# [TASK ITEM]
Search the data for the word "Drive". Reproduce every line where it is found.

# [EXERCISE INPUTS]
________
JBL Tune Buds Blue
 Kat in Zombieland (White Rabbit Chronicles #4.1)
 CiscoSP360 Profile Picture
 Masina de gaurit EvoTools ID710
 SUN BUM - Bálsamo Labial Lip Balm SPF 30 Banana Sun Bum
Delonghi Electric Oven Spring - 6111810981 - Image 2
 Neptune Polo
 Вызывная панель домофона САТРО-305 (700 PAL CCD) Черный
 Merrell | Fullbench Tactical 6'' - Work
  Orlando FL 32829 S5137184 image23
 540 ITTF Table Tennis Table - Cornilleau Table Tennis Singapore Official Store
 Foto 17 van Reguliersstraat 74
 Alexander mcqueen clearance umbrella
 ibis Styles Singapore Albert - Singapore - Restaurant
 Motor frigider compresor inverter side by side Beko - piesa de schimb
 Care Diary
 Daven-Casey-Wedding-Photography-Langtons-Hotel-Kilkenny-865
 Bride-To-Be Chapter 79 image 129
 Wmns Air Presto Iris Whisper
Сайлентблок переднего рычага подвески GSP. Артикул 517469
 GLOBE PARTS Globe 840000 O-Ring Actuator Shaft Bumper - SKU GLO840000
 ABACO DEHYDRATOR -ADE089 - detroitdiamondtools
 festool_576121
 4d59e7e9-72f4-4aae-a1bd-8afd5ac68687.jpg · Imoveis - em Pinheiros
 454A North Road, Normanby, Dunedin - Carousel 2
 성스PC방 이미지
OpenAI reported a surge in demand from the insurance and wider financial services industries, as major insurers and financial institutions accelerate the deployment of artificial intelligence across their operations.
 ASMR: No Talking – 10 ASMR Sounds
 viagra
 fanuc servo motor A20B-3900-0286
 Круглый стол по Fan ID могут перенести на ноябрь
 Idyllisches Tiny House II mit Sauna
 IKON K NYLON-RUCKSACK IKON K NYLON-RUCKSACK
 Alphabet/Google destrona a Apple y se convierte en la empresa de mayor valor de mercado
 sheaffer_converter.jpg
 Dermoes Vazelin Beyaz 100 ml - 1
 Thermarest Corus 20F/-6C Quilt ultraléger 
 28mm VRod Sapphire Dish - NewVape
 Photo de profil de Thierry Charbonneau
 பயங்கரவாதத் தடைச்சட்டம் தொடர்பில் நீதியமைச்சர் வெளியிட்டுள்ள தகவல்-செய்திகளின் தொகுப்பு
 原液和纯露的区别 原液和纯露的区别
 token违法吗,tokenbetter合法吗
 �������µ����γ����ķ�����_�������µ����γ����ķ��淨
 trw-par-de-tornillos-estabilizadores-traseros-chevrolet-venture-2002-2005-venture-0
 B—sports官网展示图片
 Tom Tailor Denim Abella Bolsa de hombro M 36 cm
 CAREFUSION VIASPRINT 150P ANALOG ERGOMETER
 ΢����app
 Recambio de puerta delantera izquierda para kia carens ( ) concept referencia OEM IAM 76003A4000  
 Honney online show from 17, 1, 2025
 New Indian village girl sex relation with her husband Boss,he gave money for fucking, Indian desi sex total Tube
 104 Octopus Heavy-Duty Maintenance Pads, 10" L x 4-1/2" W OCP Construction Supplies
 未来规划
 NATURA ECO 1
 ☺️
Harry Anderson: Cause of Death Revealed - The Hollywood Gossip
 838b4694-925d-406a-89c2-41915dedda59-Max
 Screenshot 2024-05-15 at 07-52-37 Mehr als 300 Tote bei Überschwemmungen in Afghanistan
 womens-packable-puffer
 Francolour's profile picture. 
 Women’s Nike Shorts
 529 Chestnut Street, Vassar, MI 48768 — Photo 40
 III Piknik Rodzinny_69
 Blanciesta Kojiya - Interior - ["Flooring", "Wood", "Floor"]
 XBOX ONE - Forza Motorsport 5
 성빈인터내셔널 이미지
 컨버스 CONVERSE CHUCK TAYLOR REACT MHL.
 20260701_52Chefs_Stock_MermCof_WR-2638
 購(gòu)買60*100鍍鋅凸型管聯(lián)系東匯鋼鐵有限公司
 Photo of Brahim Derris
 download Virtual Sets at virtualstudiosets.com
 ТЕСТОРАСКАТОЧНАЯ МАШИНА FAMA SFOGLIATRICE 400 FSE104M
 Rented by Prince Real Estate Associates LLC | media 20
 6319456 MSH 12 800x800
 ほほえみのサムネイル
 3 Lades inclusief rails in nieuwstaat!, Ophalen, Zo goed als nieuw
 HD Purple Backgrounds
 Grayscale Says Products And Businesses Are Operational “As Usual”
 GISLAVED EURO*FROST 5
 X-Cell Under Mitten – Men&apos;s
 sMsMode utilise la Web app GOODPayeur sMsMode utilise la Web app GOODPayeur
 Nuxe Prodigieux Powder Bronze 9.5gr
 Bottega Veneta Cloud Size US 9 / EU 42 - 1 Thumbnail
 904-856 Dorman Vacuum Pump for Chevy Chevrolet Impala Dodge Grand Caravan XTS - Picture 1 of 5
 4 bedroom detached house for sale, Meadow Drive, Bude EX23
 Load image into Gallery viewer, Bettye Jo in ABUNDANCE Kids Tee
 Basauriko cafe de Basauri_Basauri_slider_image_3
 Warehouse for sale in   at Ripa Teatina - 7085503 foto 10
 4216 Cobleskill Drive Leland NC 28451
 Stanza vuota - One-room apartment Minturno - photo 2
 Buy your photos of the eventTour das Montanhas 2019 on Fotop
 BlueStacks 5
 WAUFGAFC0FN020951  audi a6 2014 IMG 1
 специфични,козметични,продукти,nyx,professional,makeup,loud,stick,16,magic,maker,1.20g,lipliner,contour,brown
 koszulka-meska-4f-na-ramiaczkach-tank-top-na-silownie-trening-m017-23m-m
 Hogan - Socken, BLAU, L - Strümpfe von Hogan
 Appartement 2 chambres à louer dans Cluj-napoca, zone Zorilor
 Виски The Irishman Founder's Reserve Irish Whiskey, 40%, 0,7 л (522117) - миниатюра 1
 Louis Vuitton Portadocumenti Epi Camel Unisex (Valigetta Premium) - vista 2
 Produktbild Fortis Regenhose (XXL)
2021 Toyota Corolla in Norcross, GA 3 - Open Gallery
________
# [SOLUTION]
 4 bedroom detached house for sale, Meadow Drive, Bude EX23
 4216 Cobleskill Drive Leland NC 28451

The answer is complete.